I believe I figured it out i changed slightly the logic, post the changes
the issue is not prevalent..
def fetchDataStream(details: ObjectStoreDetails): Iterator[FlightStream] = {
logger.info(s"Fetching data for S3 path: ${details.s3Path}")
val ticketStr = buildTicketStr(details)
logger.info(s"Generated ticket string: $ticketStr")
val allocator = new RootAllocator(Long.MaxValue)
val client = FlightClient.builder(allocator,
Location.forGrpcInsecure(serverHost, serverPort)).build()
var stream: FlightStream = null
try {
val ticket = new Ticket(ticketStr.getBytes(StandardCharsets.UTF_8))
stream = client.getStream(ticket)
// Return an iterator for the stream with proper cleanup
Iterator.continually(stream).takeWhile { _ =>
val hasNext = stream.next()
if (!hasNext) {
// Close the stream explicitly once data is fully read
close(stream, client)
if (logger.isDebugEnabled()) {
logger.debug("Closed FlightStream and client..")
}
}
hasNext
}
} catch {
case e: FlightRuntimeException =>
logger.error(s"Error communicating with Flight server: ${e.getMessage}")
close(stream, client)
throw new CefFlightServerException(s"Error communicating with
Flight server: ${e.getMessage}", e)
case e: Exception =>
logger.error(s"Failed to fetch data: ${e.getMessage}")
close(stream, client)
throw new CefFlightServerException("Failed to fetch data from
Flight Server", e)
}
}
Finally block was getting executed first, now i changed the approach a
bit, dont see any memory leaks. if the client is closed underlying
meory allocator is closed too
On Fri, Oct 25, 2024 at 4:09 PM Susmit Sarkar <[email protected]>
wrote:
> Hi Team,
>
> We are seeing the issue often with Memory Leak:
>
> *JDK 11*
>
> "org.apache.arrow" % "arrow-flight" % "17.0.0",
> "org.apache.arrow" % "arrow-vector" % "17.0.0",
> "org.apache.arrow" % "flight-core" % "17.0.0",
>
>
> 4-10-25 15:25:06.394 [main] ERROR o.apache.arrow.memory.BaseAllocator -
> Memory was leaked by query.

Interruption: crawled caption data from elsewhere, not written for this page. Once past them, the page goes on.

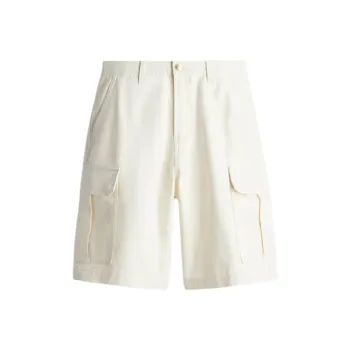 H&M Cargo Shorts Men White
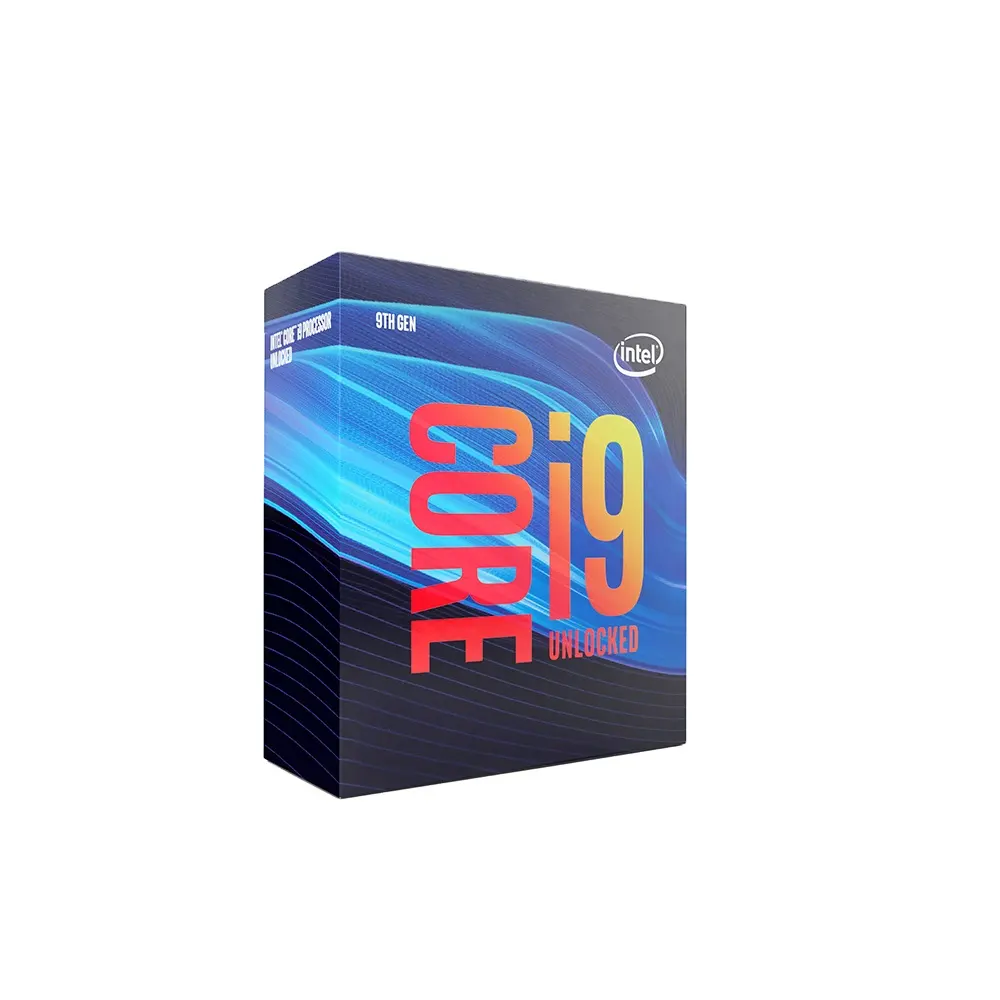 Intel Core i9-9900K 8 núcleos a 5,0 GHz Turbo desbloqueado LGA1151 serie 300 95W escritorio procesador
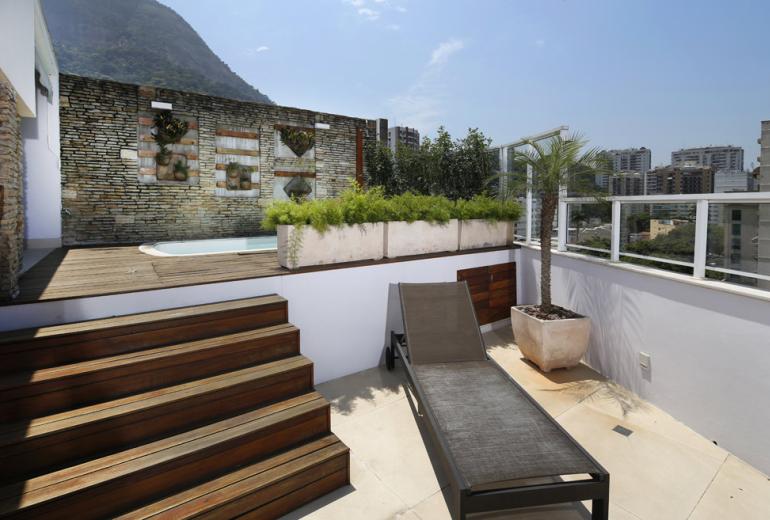 Rio531 - Penthouse à la Lagoa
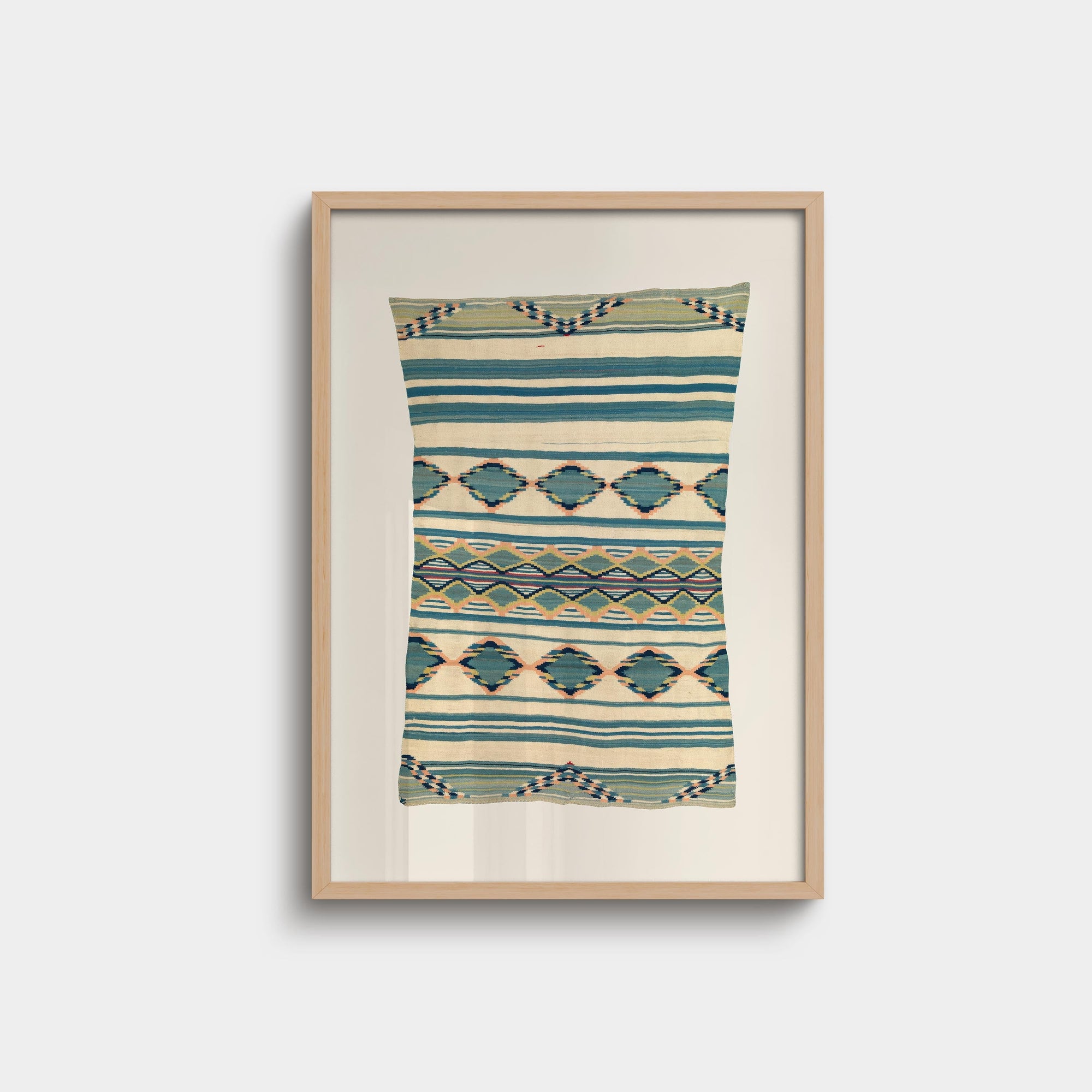 047. Vintage Textile Print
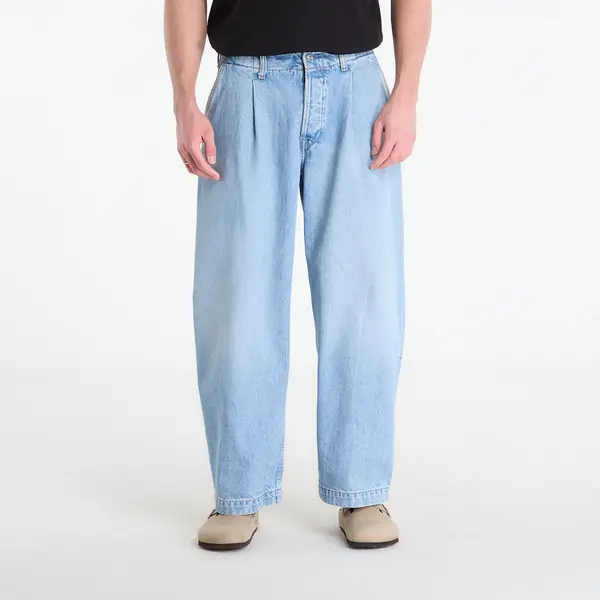 Calvin Klein Jeansice Calvin Klein Jeans Barrel Morning Fog Trouser Morning Fog W32/L32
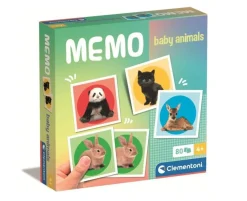 Bissolo Casa Giochi Educativi Da 4 A 6 Anni<CLEMENTONI MEMO GAMES - NOLI BABY ANIMALS: vendita online CLEMENTONI MEMO GAMES - NOLI BABY ANIMALS in offerta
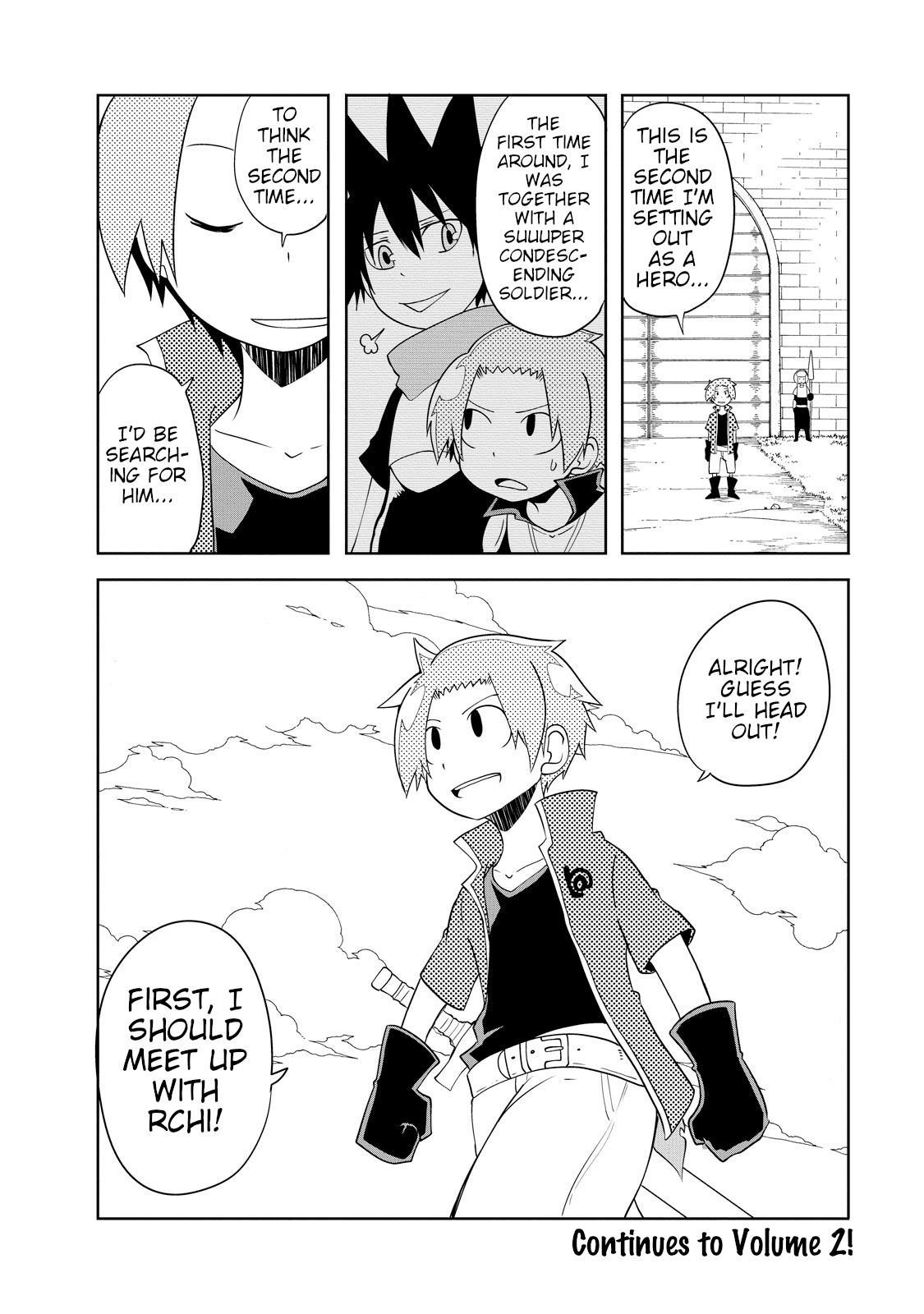 Senyuu. - Main Quest Part 2 Chapter 10.1 page 7 - Chapter 10.1: The Hero Sets Out Again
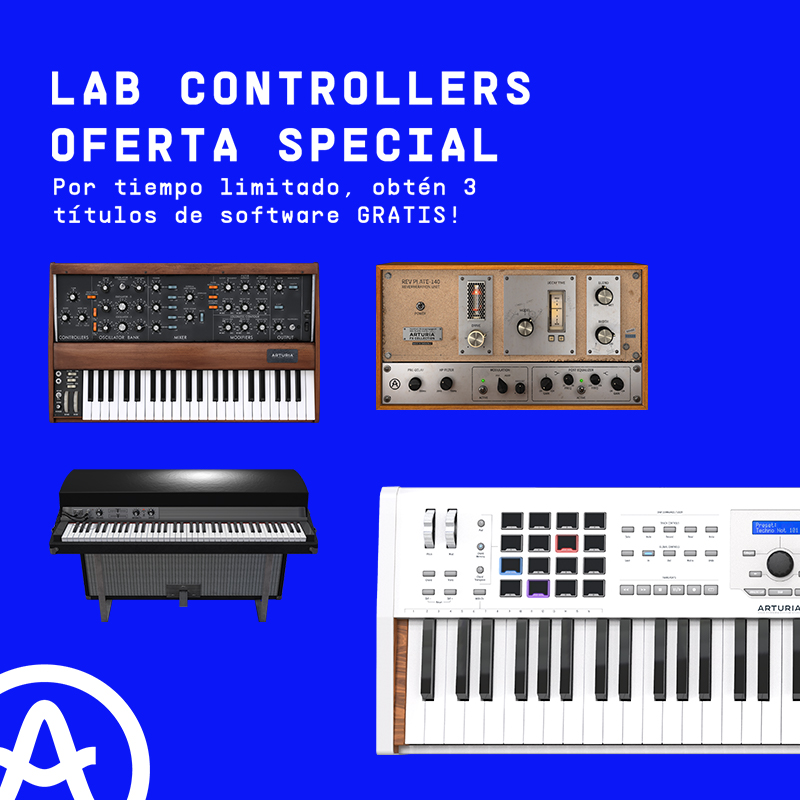 Promoción Arturia LAB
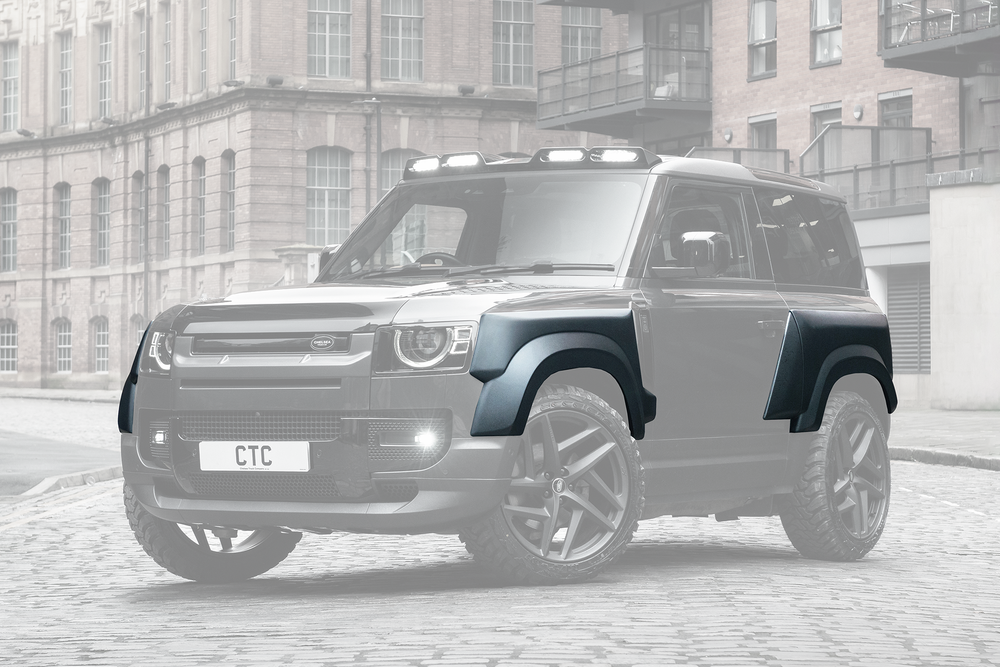 LAND ROVER DEFENDER 90 (2020-PRESENT) WIDE TRACK BODYKIT - Image 2
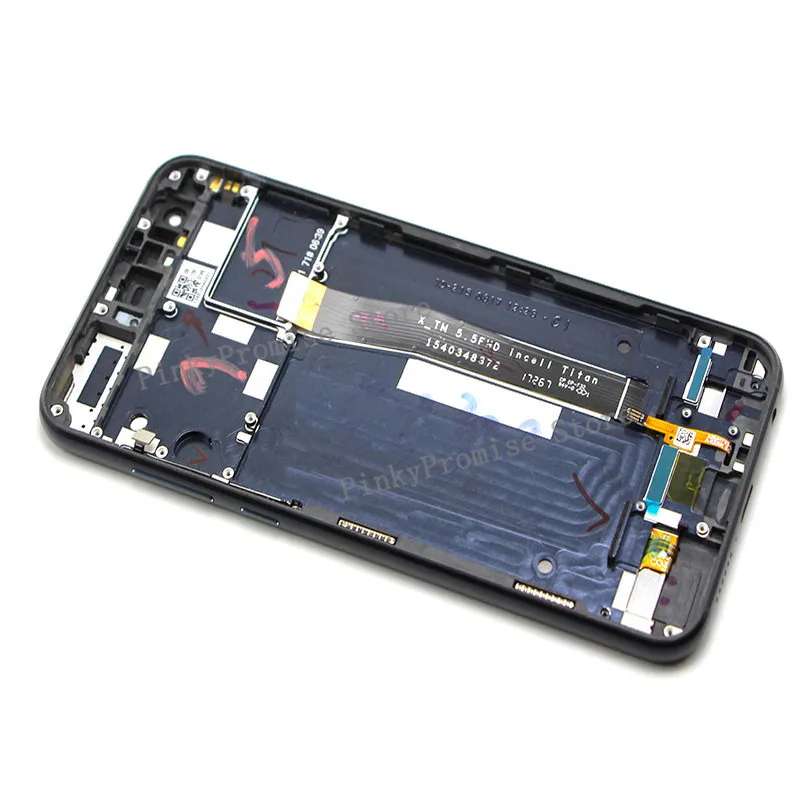 Экран для ASUS Zenfone 4 ZE554KL LCD 2017 панель сенсорный экран дигитайзер в сборе с рамкой Z01KD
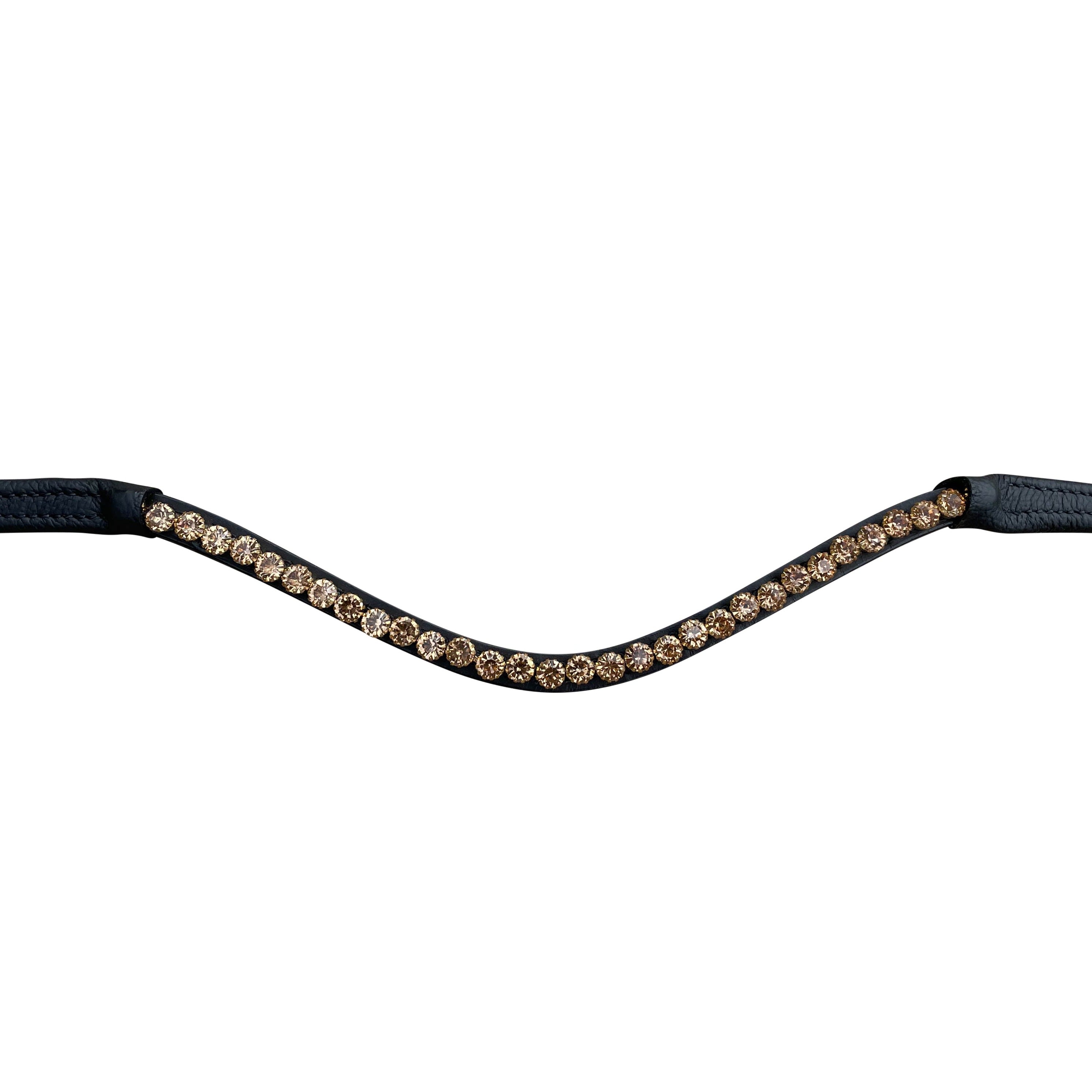 Margaux browband - Lumiere Equestrian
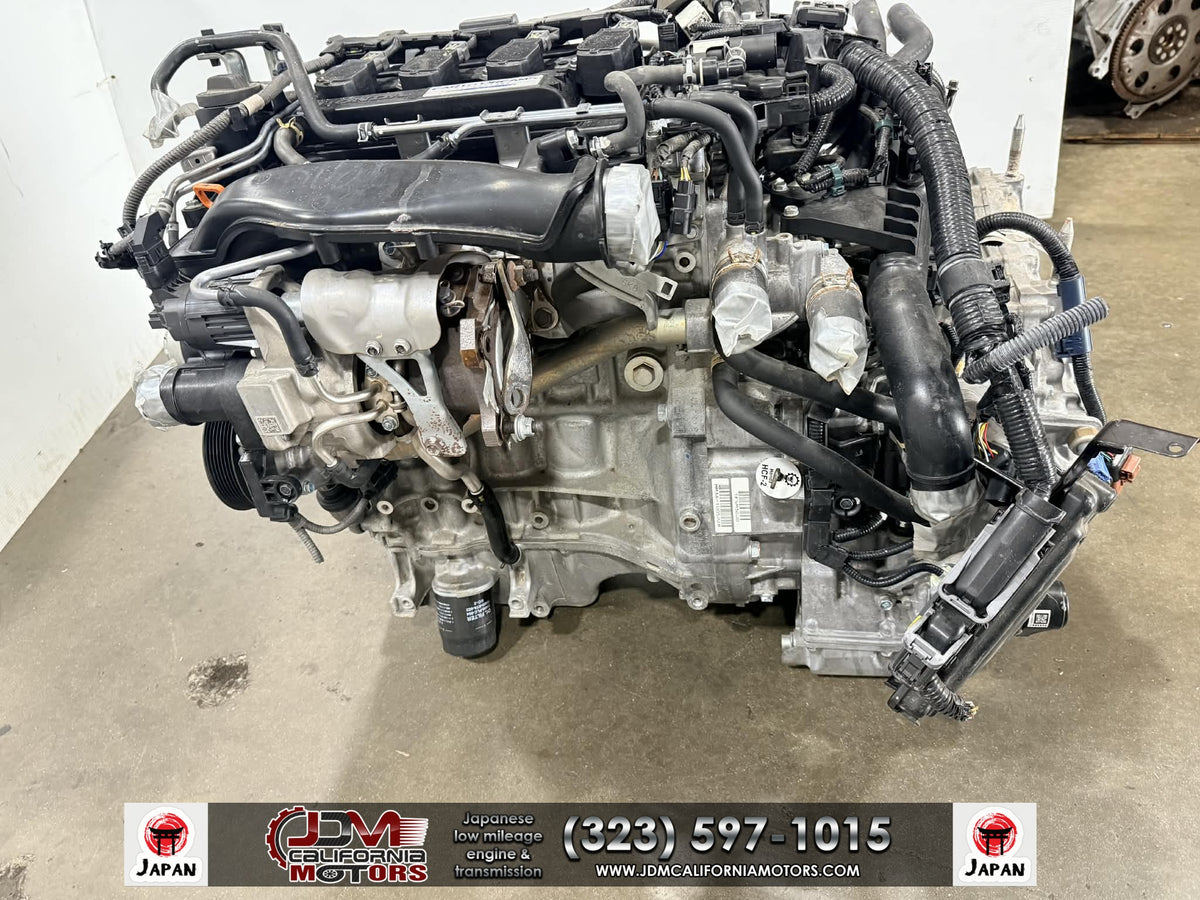 Honda Civic 2016-2021 1.5L Turbo Engine And CVT Automatic Transmission | L15B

Memory leaked: (10485760)
> Allocator(flight-client) 0/10485760/10485760/9223372036854775807
> (res/actual/peak/limit) 2024-10-25 15:25:06.395 [main] ERROR
> o.apache.arrow.memory.BaseAllocator - Memory was leaked by query. Memory
> leaked: (10485760) Outstanding child allocators : Allocator(flight-client)
> 0/10485760/10485760/9223372036854775807 (res/actual/peak/limit)
> Allocator(ROOT) 0/10485760/10485760/9223372036854775807
> (res/actual/peak/limit) 2024-10-25 15:25:06.396 [main] ERROR
> c.t.c.d.ArrowFlightDataFetcher - Failed to fetch data: Memory was leaked by
> query. Memory leaked: (10485760) Allocator(flight-client)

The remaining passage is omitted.